Quelle que soit l’œuvre ou la période de cette production incessante, nul ne résiste à cette fascination. Quel est son secret ? Au bord autant qu’au cœur des formes dont il joue, Maccheroni sait toujours révéler une prolifération de particules, d’aspérités, de singularités, comme en appel d’une forme désirée ou bien prophétisant la décomposition de celles qui ont été données. S’il commence avec le défini, il aboutit au grain et à la surface : l’architecture classique d’une villa impériale à Rome, ou bien les ruines de Tipaza sont photographiées sous des angles soulignant ensemble leur géométrie pure et la texture de leur décadence; les gratte-ciels de New York réfléchissent d’autres gratte-ciel, s’entrecroisant en réseaux qui donneront ensuite une série de peintures de surfaces minutieusement carrelées où la grille des photos se fondra dans des plans granuleux de gris argenté.
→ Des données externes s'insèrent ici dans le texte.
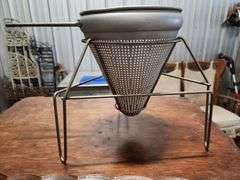 vintage aluminum cone strainer with a metal stand and wooden pestle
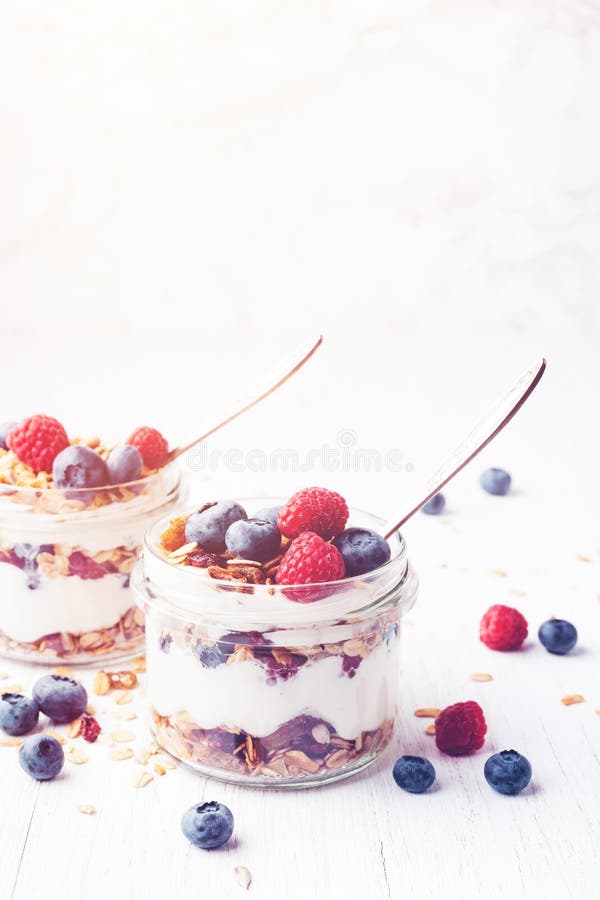 Postre helado con el granola, las bayas y el yogur en tarros fotos de archivo Postre helado con el granola, las bayas y el yogur en tarros fotos de archivo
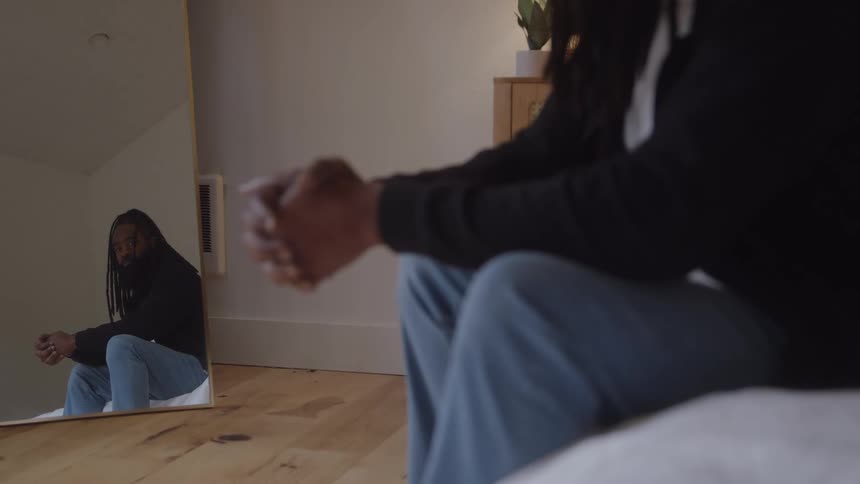 A man sits on a bed and looks at himself in a mirror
Inversement, lorsqu’il se concentre sur l’apparence de l’informe il y révèle inlassablement des virtualités de sens.

Les sinuosités épaisses de l’écorce d’un tronc d’arbre soudainement fascinent, engendrant un visage, le plissement d’un sexe tatoué, le torse lacéré d’un de ses christs. D’une matière, d’une texture, ou d’une couleur, savamment agencées dans le travail avec le graveur nait directement la forme d’un signe possible et donc la virtualité d’un sens et d’une histoire. En leur présence étonnante ces images réfutent instantanément l’idée que l’absence soit au cœur du désir. La subversion de Maccheroni est celle d’un matérialiste (ou, comme il le dit, d’un matériologiste) : rien n’est au-delà pour lui, ou l’au-delà est tout entier ici. Inlassable, il ne cesse de re-produire ou de libérer dans ses séries picturales et au fil des pages des nombreux livres auxquels il a participé, toute la richesse d’un réel que les pouvoirs, le commerce, la religion n’ont fait que censurer, terriblement appauvrir. Dans ce qu’il appelait son archéologie du signe, dans l’apparente facilité mais aussi la remarquable maîtrise d’un artiste généreux, qui savait donner autant qu’apprendre à voir, tout ce qui est perçu désormais prend sens.